ここまで変えられていたなら、ゼッタイ無理だ!

 武術的に見てみれば、「技」っというものがまるで存在しない、いわゆるノッペラボーの「クーシャンクー・小」。または、「観空・小」の形です。


 同じくノッペラボーの、「セイシャン・セイサン」と呼ばれる、「十三歩」の形を彷彿させるものです。

 ただ、両者を比較検討してみると、ーシャンクー・観空の小の形は、型のクーシャンクーを、図的に改変・簡素化している形です。


 全く別の、心身思想で、改められた形なのです。

 それとは別に、「十三歩」の形は、伝承の過程で、ナニが、ナンだか分らん! っと言った塩梅で、心身思想の考慮など無しに、改変されたものです。

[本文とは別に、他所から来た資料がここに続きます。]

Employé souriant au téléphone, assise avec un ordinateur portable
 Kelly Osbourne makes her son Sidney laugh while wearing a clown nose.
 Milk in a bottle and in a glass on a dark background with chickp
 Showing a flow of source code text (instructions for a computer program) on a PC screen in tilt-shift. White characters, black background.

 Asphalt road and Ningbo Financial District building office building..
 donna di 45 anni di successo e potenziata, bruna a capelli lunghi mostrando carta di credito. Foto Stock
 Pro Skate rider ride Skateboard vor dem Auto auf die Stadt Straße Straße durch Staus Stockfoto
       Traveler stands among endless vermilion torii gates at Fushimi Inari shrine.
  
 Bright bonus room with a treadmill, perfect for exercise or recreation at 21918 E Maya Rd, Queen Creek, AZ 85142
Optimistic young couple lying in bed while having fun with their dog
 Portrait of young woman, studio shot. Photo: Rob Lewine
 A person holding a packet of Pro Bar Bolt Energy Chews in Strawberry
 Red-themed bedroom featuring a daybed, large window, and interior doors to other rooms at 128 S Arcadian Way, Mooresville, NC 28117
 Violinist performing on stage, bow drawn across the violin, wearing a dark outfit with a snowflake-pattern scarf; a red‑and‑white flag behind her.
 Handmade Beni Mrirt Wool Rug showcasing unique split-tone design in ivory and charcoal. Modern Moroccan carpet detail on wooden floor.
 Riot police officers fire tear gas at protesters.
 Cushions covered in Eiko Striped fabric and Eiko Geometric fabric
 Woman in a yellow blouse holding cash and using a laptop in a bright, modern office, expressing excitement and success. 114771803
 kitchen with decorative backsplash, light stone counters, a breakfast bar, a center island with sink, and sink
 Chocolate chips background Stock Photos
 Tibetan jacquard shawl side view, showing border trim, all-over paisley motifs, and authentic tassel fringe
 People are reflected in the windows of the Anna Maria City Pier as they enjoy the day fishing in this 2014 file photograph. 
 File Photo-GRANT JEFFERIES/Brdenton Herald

 ですから、クーシャンクー・小は、武術としての空手(の形)から、体育・体操化のための空手への変革・変更への、過度期にある形。

 すなわち、近代日本社会の中核。

 学校教育へ移入させるために、糸洲安恒・師とその周辺の空手家たちが、いかなる思いで、どこを・どう、変革させたのを知る上で非常に重要な形です。


 中国・原型と沖縄化、プロトタイプ。

かつ、終了形の四つ。

 下記のように中国・原型の形から、沖縄においてクーシャンクー(大)から、クーシャンクー・小。そして平安の初段から五段へと、その過程を知る四つの、形(とその集団)が、明確に形としても、口碑としても残っている形の流れなのです。

 余談ですが、原型の清朝満人八旗の軍人である公総管(クーシャンクー)が、移入した原型に近い、「四方クーシャンクー」。


 その左右の線、すなわち横移動を、琉球王国の身体思想・操作に改編した、前後への移動に変革した「クーシャンクー」。(これに下記の、「小」と対比させて、「大」を付ける流会派もあります)。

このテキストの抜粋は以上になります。